BACKGROUND OF THE INVENTION
[0002] 1. Field of the Invention
[0003] The present invention relates to a device structure of a
pixel section of a solid state imager.
[0004] 2. Description of the Related Art
[0005] FIG. 1 shows a circuit structure of a pixel section of a
sense type solid state imager.
[0006] A pixel comprises a photodiode 21 for converting an optical
signal to an electric signal (charge); a transfer gate (MOS
transistor) 22 for transferring a charge of the photodiode 21 to a
detection section (detection node) D; a reset gate (MOS transistor)
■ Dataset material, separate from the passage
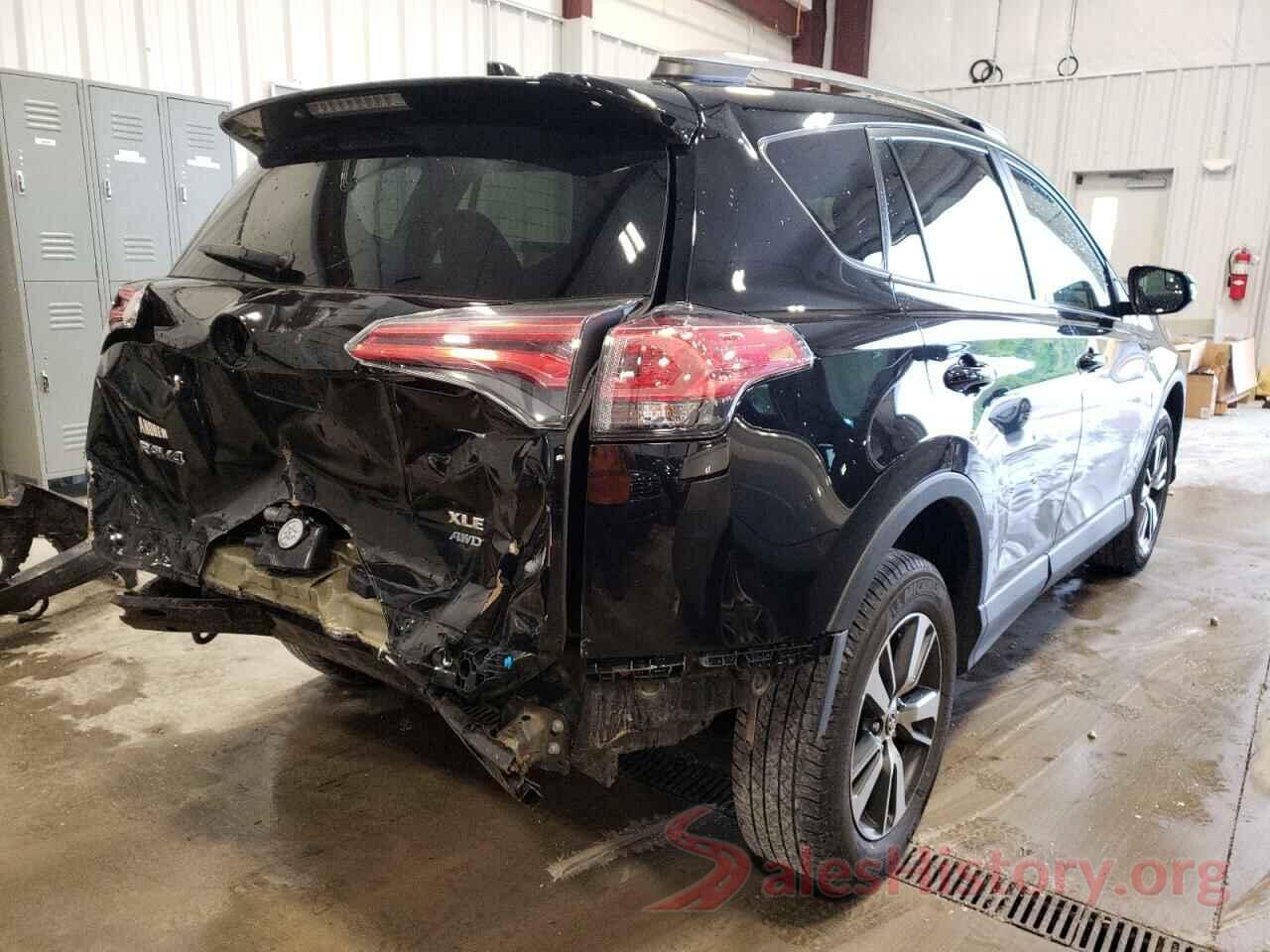 2T3RFREV8HW651043 2017 TOYOTA RAV4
23 for resetting the charge (potential) in the detection section D;
a sense gate (MOS transistor) 24 for amplifying the potential of
the detection section D; and a select gate (MOS transistor) 25 for
outputting a potential of a selected pixel.
[0007] A charge photoelectrically converted by the photodiode 21
and accumulated in a signal accumulation region over a
predetermined time period is transferred to the detection section D
via the transfer gate 22. The charge transferred to the detection
section D from the photodiode 21 varies the potential of the
detection section D. The sense gate 24 amplifies the variation
amount of the potential of the detection section D.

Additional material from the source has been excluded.